Nothing. I bolted for the vehicle, locked the doors, then doubled over and wept. Some of it was relief. More of it was fear. And emptiness. No case, no vials to help me balance it, just aching, agonizing emptiness.

  Kjolla.

  He wasn’t my son or my brother. As far as I know, we didn’t share blood at all. But his mother took me in when my parents died during the Vasik rupture. I was twelve then, and sixteen when she died of the gasping sickness. Kjolla was just eight, and neither of us had anybody else. But I could find enough work to keep him in school and a roof over our heads, and that’s what I did. The neighbors helped where they could. Everybody loved Kjolla. It was his smile.

  The smile was still there, at the end.

  When the sky glowed with dawn I was more exhausted than when I’d stopped. I darted outside long enough to retrieve my sleeping bag and to check the depressions where the hollow people had knelt and confirm it hadn’t been a dream. There were no signs of a nest; they’d stumbled on me.

  Bernin was only a few hours away. I was there by breakfast time and went straight to the shop where my patient had rented her vehicle.

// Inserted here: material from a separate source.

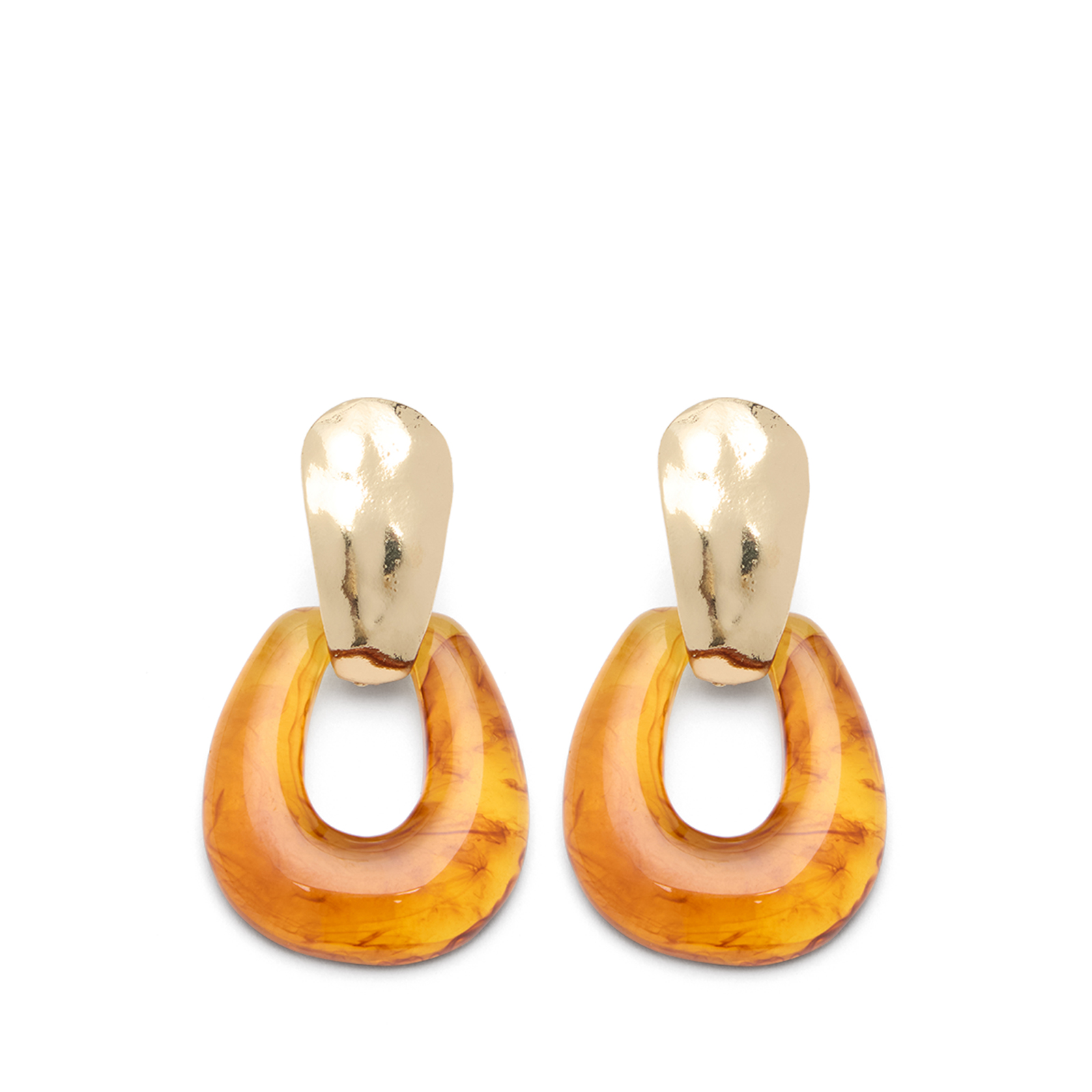 Goudkleurige statement oorbellen met bruine statement pieces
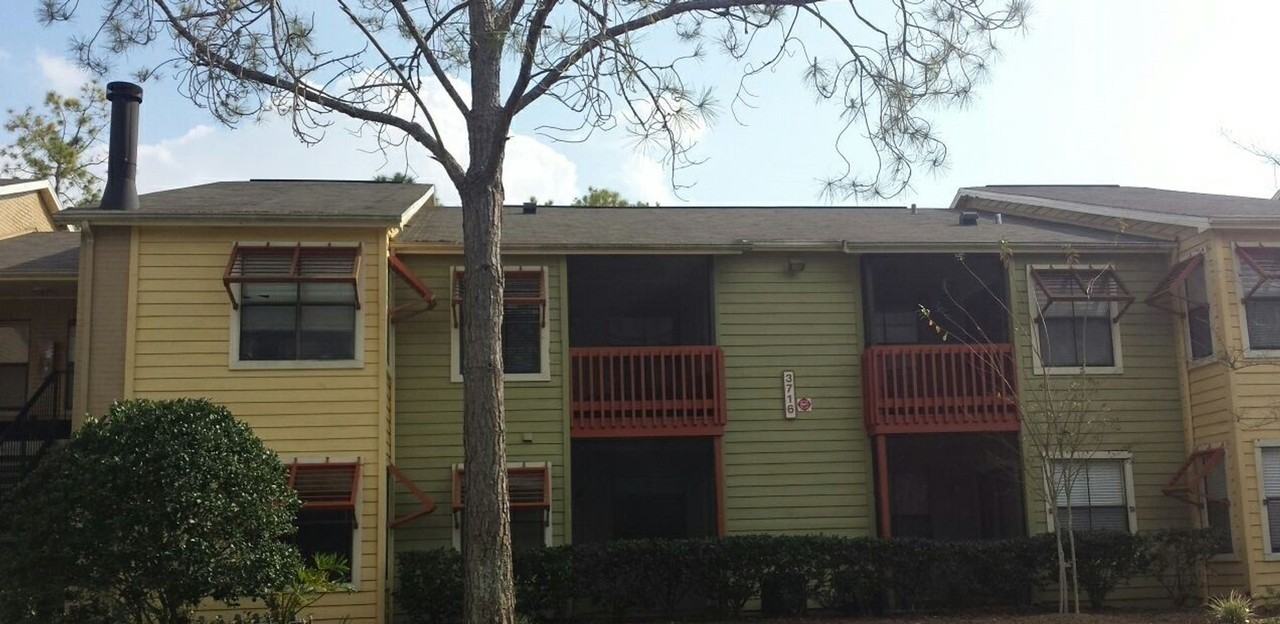 3716 Idlebrook Cir #104 - Photo 4 of 17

It was closed, so I sat down outside the door and fell asleep. I woke when the shopkeeper, a middle-aged man with a limp, swatted me with his cane.

  “My doorway ain’t a hostel,” he said.

  “I didn’t spend the night,” I replied. “I was just waiting for you to open.”

  “Well, I’m open now,” he said, unlocking the door. I followed him in. It wasn’t clear to me how he conducted any business inside the shop. Every horizontal surface save a creaking swivel chair behind the desk was covered in boxes and stacks of papers. The sheer height and instability of it all nearly left me claustrophobic. “Breakdown, robbery, or bad planning?” the man asked.

  It took me a moment to figure out what he was talking about. “I’m not here to rent,” I said when I processed it.